Week by week, the furrows on the brow of Warren Gatland seem to deepen. You wonder if the Wales head coach might already be considering whether it was worth coming back at all. Called back to his kingdom with the promise of a handsome salary and the chance for a great restoration, just three months into his second tenure and Gatland wears the grim visage of a monarch returning home to find the castle in total ruin.
Yes, it’s been another of those weeks for the Welsh Rugby Union (WRU), an organisation for which unedifying crises are becoming a stock-in-trade, after a fortnight of contract negotiations that threatened civil war. The Six Nations has been visited by plenty of ghouls during its long lineage, but this was an unprecedented threat of strike action that, until an eleventh-hour agreement on Wednesday evening, seemed to be creeping ever closer.
“With the events of the last six to eight weeks everybody in Welsh rugby needs to pull together now to find the best way forward,” Wales captain Ken Owens said on Wednesday, as acting WRU chief executive Nigel Walker nodded along next to him.
“We need to do it collaboratively to put Welsh rugby back at the top of world rugby, and not the laughing stock which I think we are at the moment.”
The Welsh players may have ultimately reached an accord to allow this marquee encounter to go ahead, but still the foreboding winds of change blow. The battle lines between players and governing bodies only seem likely to be drawn more frequently hence.
Still, it is game on – which may be yet more reason for those ready to pack the Principality to fret. For all the off-field woe, things have hardly been rosy on the pitch for Wales since Gatland’s return. The drubbings against Ireland and Scotland only served to underline the talent gap they may battle to close; nine more changes to the starting side speaking to real uncertainty about who is best placed to close it.
Gatland has flittered again, this time favouring the old guard up front and newer faces behind. The inexperienced midfield of Owen Williams, Joe Hawkins and debutant Mason Grady contains only seven caps but is tasked with ensuring there is no repeat of the wastefulness shown in the first two rounds.
Who knows where the hosts will be psychologically, but an English visit to Cardiff usually galvanises even the most woebegone Welsh.

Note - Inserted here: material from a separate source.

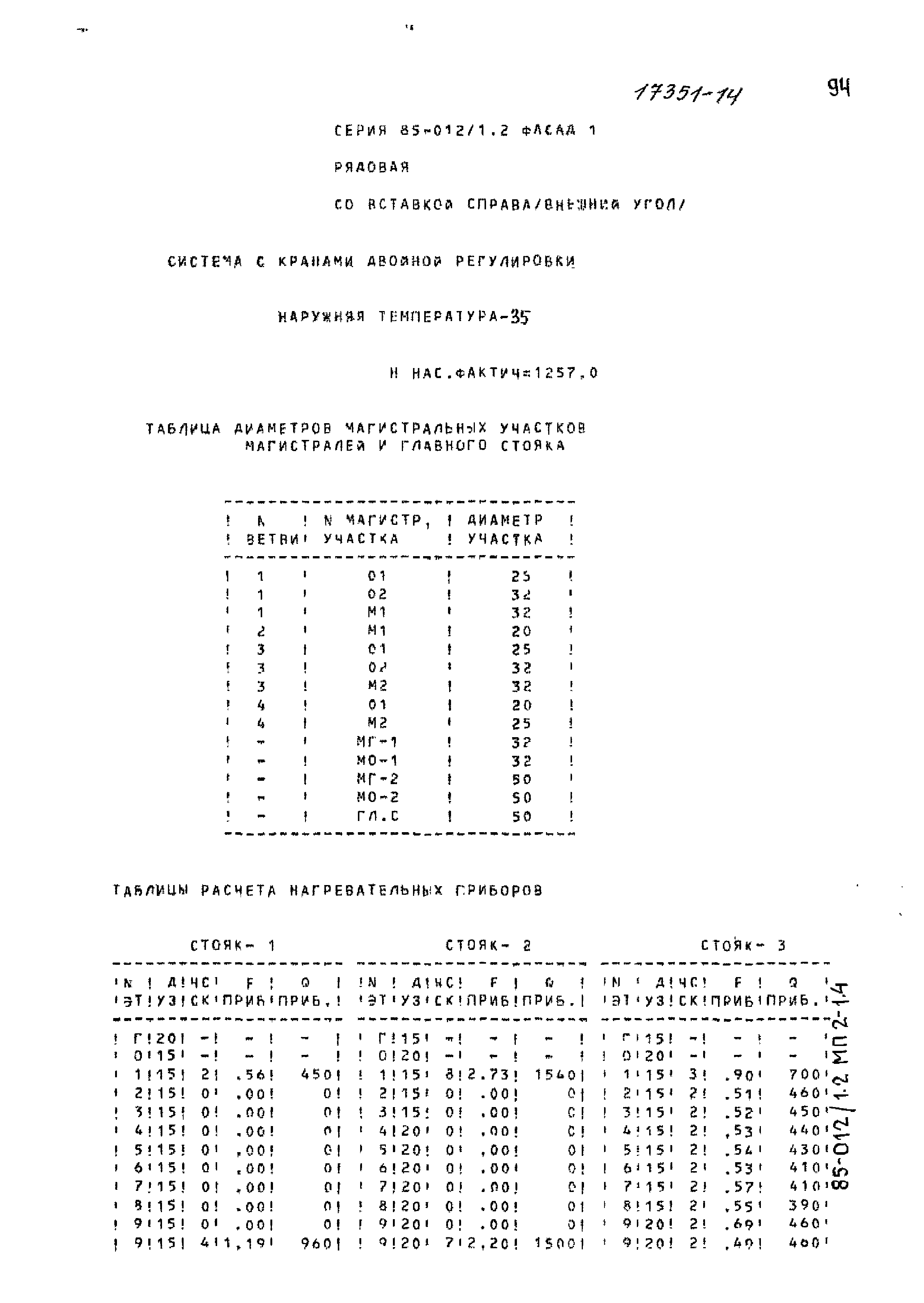 Типовой проект 85-012/1.2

There will certainly be no need for Gatland to manufacture any kind of siege mentality within a squad that has no shortage of pent-up frustration.
“You kind of love it when things aren’t going go well off the field and there is a lot of noise going on,” England hooker Jamie George explained, citing his own experiences at Saracens after the club was punished for breaching the salary cap.

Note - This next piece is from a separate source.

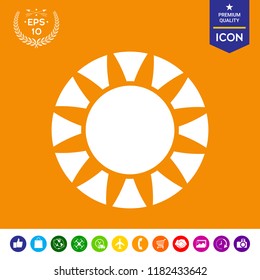 Sun icon symbol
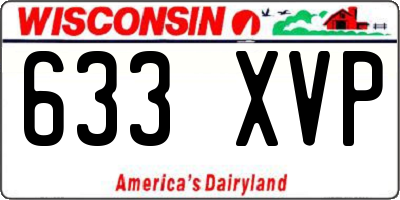 WI license plate 633XVP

“What it can do is really rally you and make you a stronger unit – it is us against the world, let’s go out and do it and prove some people wrong. I am sure those are the sort of messages people like Alun Wyn [Jones] are giving out this week. We are expecting the best possible Wales team, a very passionate team and one that is driven to win.”
England have insisted they have remained focussed on the job at hand, not letting uncertainty’s creep infringe upon Steve Borthwick’s insistence on building steadily by doing the basics well.
Among this week’s focus points, according to Borthwick, are generating quicker ball and avoiding the final quarter drop-offs that again recurred against Scotland and Italy. Anthony Watson returns to an England starting shirt for the first time in almost two years on the wing, while Courtney Lawes is a figure of significant importance on the bench.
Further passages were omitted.